“Se si vogliono far ripartire i consumi, non si possono tenere ancora bloccati i contratti o inchiodati al posto di lavoro i nonni, con i trentenni a casa”.
A dirlo è Annamaria Furlan, segretario generale Cisl, parlando della legge di Stabilità in via di definizione in un’intervista a La Repubblica del 22 agosto. A proposito delle modifiche alla riforma Monti-Fornero, la leader sindacale ha detto di stare “alle dichiarazioni del governo che ci ha assicurato risorse ‘rilevanti’ per le pensioni”.
Ad oggi, però sulle pensioni, le notizie per chi lavora nella scuola non sono granché buone: l’obiettivo di tutelare oltre 170mila lavoratori bloccati dalle nuove norme per accedere all’assegno della pensione, non riguarda docenti e Ata. L’ottava salvaguardia, servirà in prevalenza per tutelare una platea di “30-35 mila” esodati, così da non lasciare buchi nella rete di protezione per coloro che sono rimasti intrappolati dopo la legge Fornero, senza stipendio né pensione.
Immediata, dopo l’estate, sarebbe l’introduzione del’Ape, l’anticipo pensionistico fino a tre anni con un prestito da restituire in 20 anni attraverso una penalizzazione sull’assegno cui potrebbero accedere tutti, accompagnato probabilmente dalla ricongiunzione gratuita dei percorsi contributivi. Via libera immediata anche alla ricongiunzione gratuita per chi ha versato contributi a più enti previdenziali. Ma si tratta di uno “scivolo” fortemente oneroso.
Il personale della scuola si aspettava di rientrare, invece, nella nuova salvaguardia: si tratta di una sorta di “paracadute”, che permetterebbe di lasciare il lavoro in anticipo senza però penalizzazioni o prestiti da restitiure con assegno pensionistico decurtato. Nella lista delle professioni usuranti figurano macchinisti delle ferrovie, colf, lavoratori agricoli, persone collocate in mobilità a 36 mesi. Del personale della scuola non c’è però traccia. Sembrano sparite anche le maestre della scuola dell’infanzia, che aveva citato a luglio il leader della Uil, Carmelo Barbagallo.

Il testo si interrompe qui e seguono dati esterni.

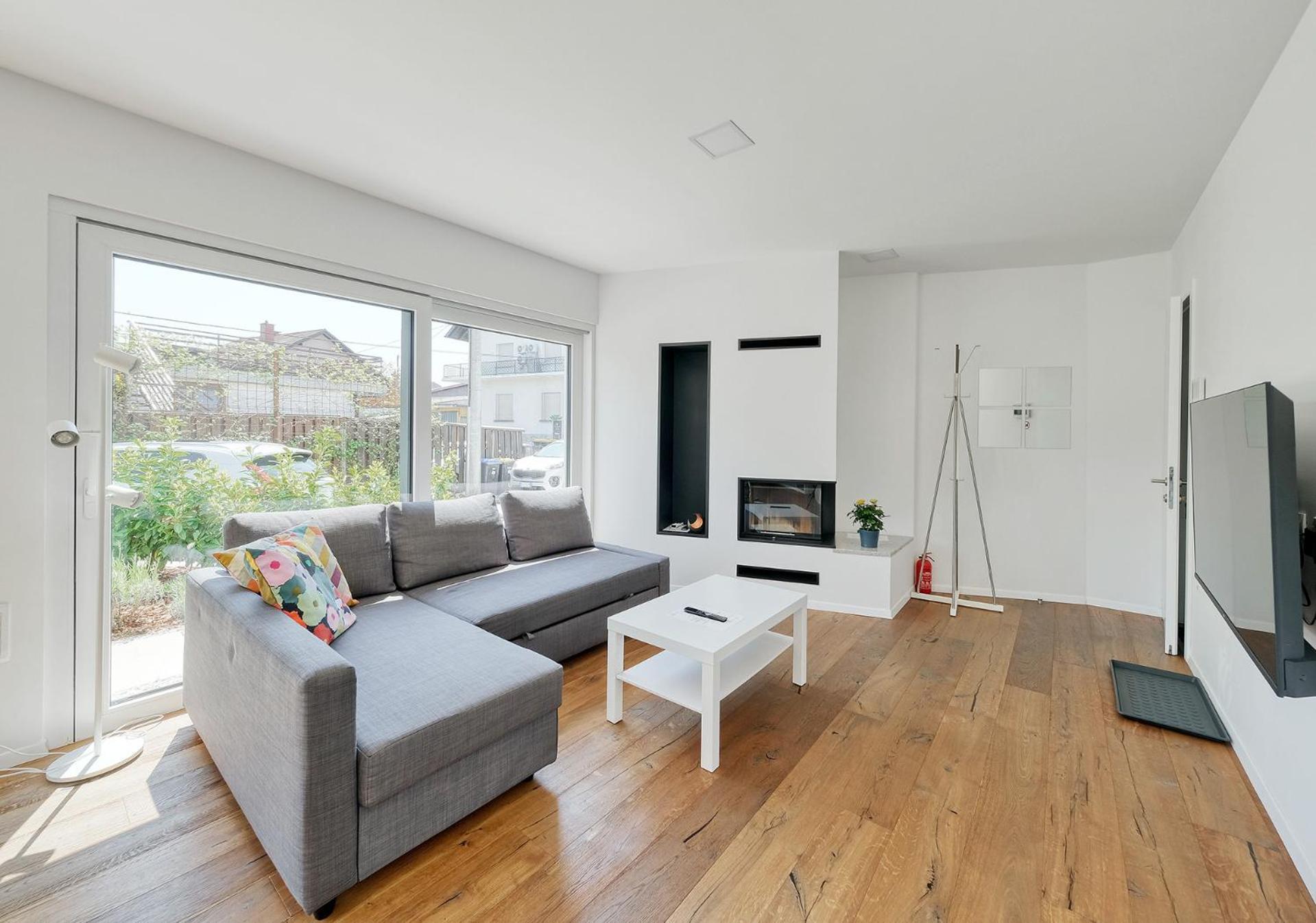 Apartments Trnovo Λιουμπλιάνα Εξωτερικό φωτογραφία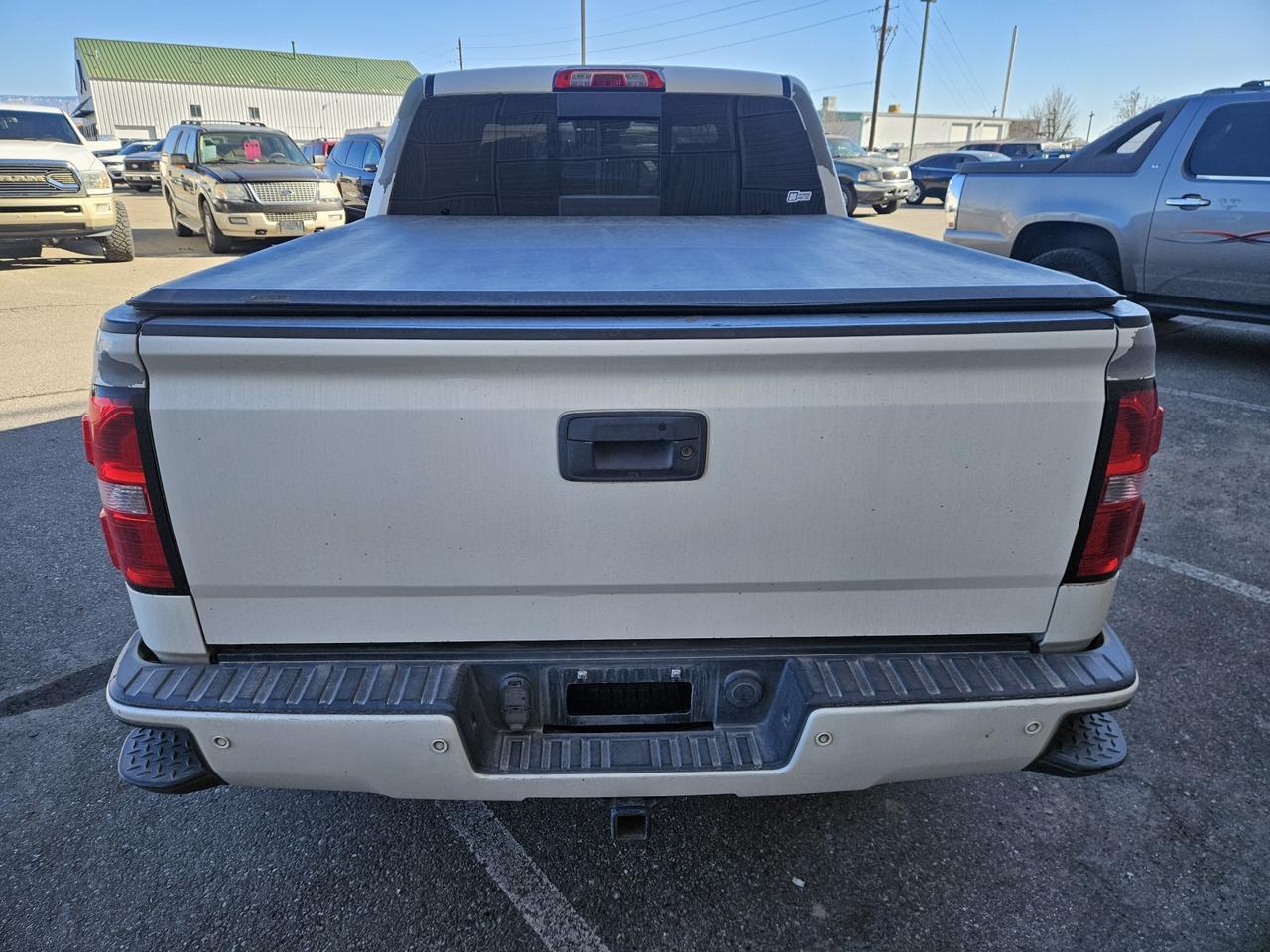 2014 GMC Sierra 1500 SLT Grand Junction CO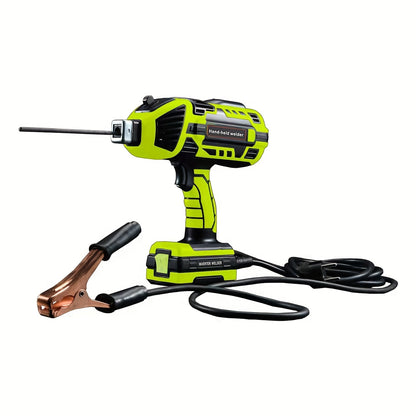 Draagbaar Lasapparaat – Elektrisch Lasapparaat – Inverter Lasser – Compact Lasmachine – Lichtgewicht – 110-220V Stroomvoorziening – Inclusief Draagtasje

Furlan, sempre a colloquio con La Repubblica, a proposito dei contratti degli statali, fermi da sei anni, ha ricordato che “lo stesso premier ha definito ‘inadeguati’ i 300 milioni stanziati per il rinnovo del contratto pubblico. Dopo il dibattito ferragostano sulle cifre, mi auguro che riemerga la serietà delle parti. Cgil, Cisl e Uil hanno sempre dimostrato di stare con i piedi per terra. Non faremo richieste che non tengano conto della situazione del Paese”. Su questo punto, il rinnovo contrattuale, però, le speranze di arrivare ad un accordo sono davvero poche: il Governo ha infatti intenzione di adeguare gli stipendi solo ai più meritevoli e a coloro che percepiscono buste paga “mini”. Quindi, in media, ad un dipendente su tre.
Anche chi si aspettava modifiche alla Legge 107/2015, soprattutto sul versante della chiamata diretta o del merito, rimarrà deluso. Dopo il premier Matteo Renzi, nei giorni scorsi ha ribadito il concetto il viceministro all’economia Enrico Morando: in un’intervista al Gr1 Rai, l’alto rappresentante del Governo ha detto: alle “opposizioni che ci criticano rispondiamo con il fatto che le riforme strutturali, ad esempio la buona scuola, hanno bisogno di tempo per manifestare i loro effetti. In ogni caso – conclude – per esempio nei dati dell’occupazione, è evidente il buon funzionamento del jobs act, come allo stesso modo nei dati dei consumi interni è evidente l’effetto positivo degli 80 euro”.
Come dire: la riforma è questa e non si tocca. A meno che non si cambi Governo o arrivino le bocciature, su alcuni punti, tramite referendum. In ogni caso, si tratta di modifiche non proprio dietro l’angolo.